STMicroelectronics, a leading European semiconductor company, has unveiled a plan aimed at reducing its operational costs by nearly $1 billion by 2027. This "scale adjustment" initiative was mentioned in the company's third-quarter 2024 financial results, though details were scarce. The company also projected a decline in revenue for the next two quarters, forecasting that the drop between Q4 2024 and Q1 2025 will be "well above normal seasonal levels."
In a statement about the company's financial performance, STMicroelectronics CEO Jean-Marc Chery explained that the company would accelerate its transition to manufacturing 300mm silicon wafers at its facilities in Agrate, Italy, and Crolles, France. Additionally, the company plans to shift silicon carbide (SiC) production to 200mm wafers in Catania, Italy. Chery noted that moving to 300mm wafers instead of 200mm wafers would yield at least a 20% improvement in productivity.
However, it remains unclear whether this shift will lead to the closure of any 200mm wafer production lines or facilities.

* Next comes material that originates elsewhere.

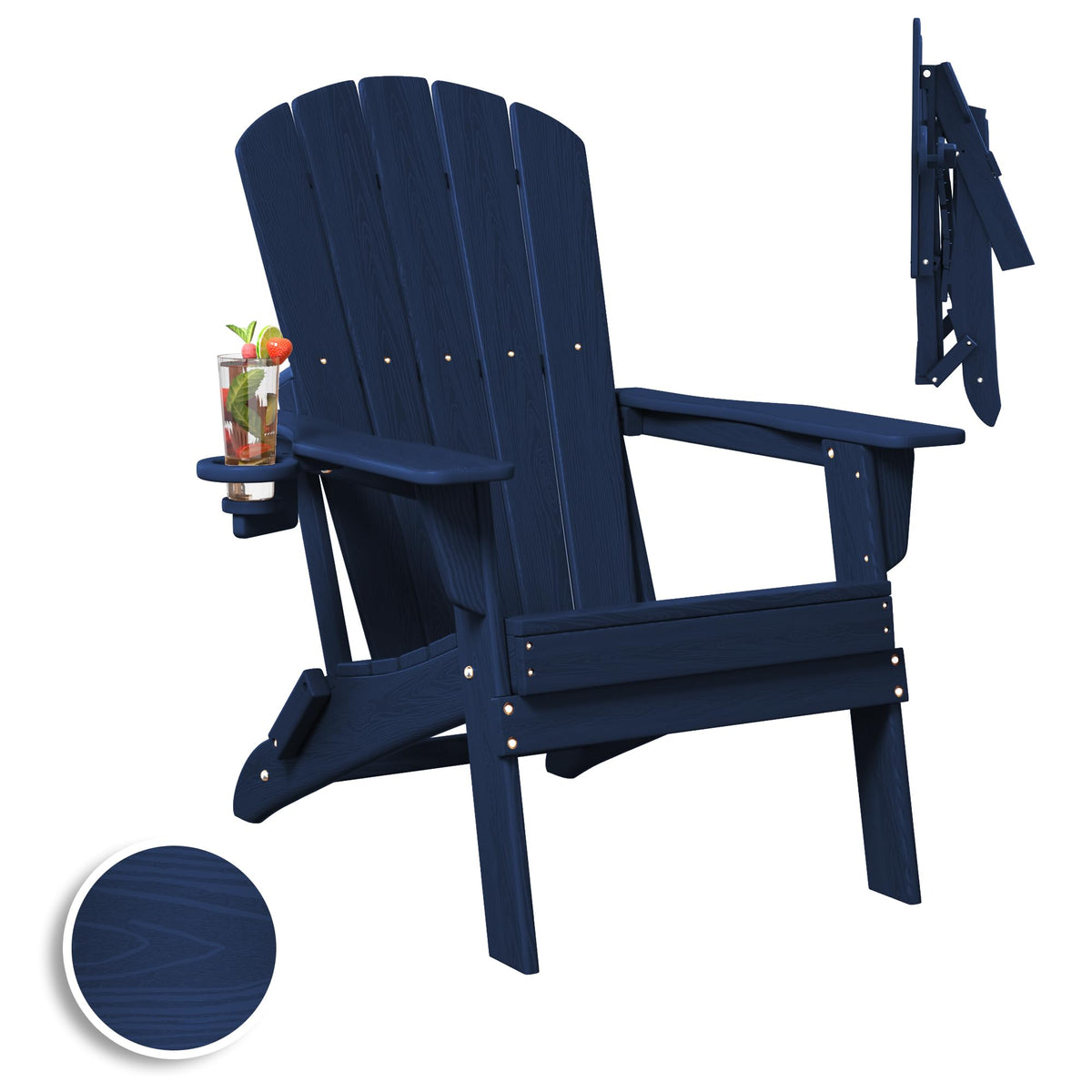Plawdlik folding Adirondack chair navy blue, side view for poolside lounging.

In Q3 2024, STMicroelectronics reported net income of $351 million, a significant 67.8% drop year-on-year. Total revenue reached $3.25 billion, which remained flat compared to the previous quarter but saw a 26.6% decline year-on-year. Chery stated, "The Q3 net income is in line with the midpoint of our business outlook range. Revenue from personal electronics exceeded expectations, while industrial and automotive revenues showed a decline."
He also mentioned, "In the first nine months, net income for all reportable segments declined by 23.5%, particularly in microcontrollers (MCUs), which were impacted by continued weakness in the industrial market."

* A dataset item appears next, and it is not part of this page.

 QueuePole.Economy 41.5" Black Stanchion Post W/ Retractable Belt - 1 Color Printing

Notably, every business segment of STMicroelectronics reported year-on-year sales declines, although some saw modest quarter-on-quarter growth. The company's MCU division posted Q3 2024 revenue of $829 million, up 3.6% compared to the previous quarter but down 43.4% year-on-year from $1.47 billion. As a result, the Analog, MEMS, and Sensors (AM&S) division became the largest segment for the company.
One contributing factor to the MCU sales drop was the decline in market share in China. Looking ahead to Q4 2024, STMicroelectronics forecasts total revenue of $3.32 billion, marking a 2.2% increase compared to Q3 but a 22.4% decrease year-on-year. This would bring the company's full-year 2024 revenue to $13.27 billion, a 23.2% decline from the previous year, further lowering its prior expectations. The weak forecast is primarily due to anticipated declines in automotive and industrial revenues, though gains in personal electronics will partially offset this.
Chery confirmed that the company's capital expenditures for 2024 will remain at $2.5 billion, but noted that this figure will decrease over the next three years.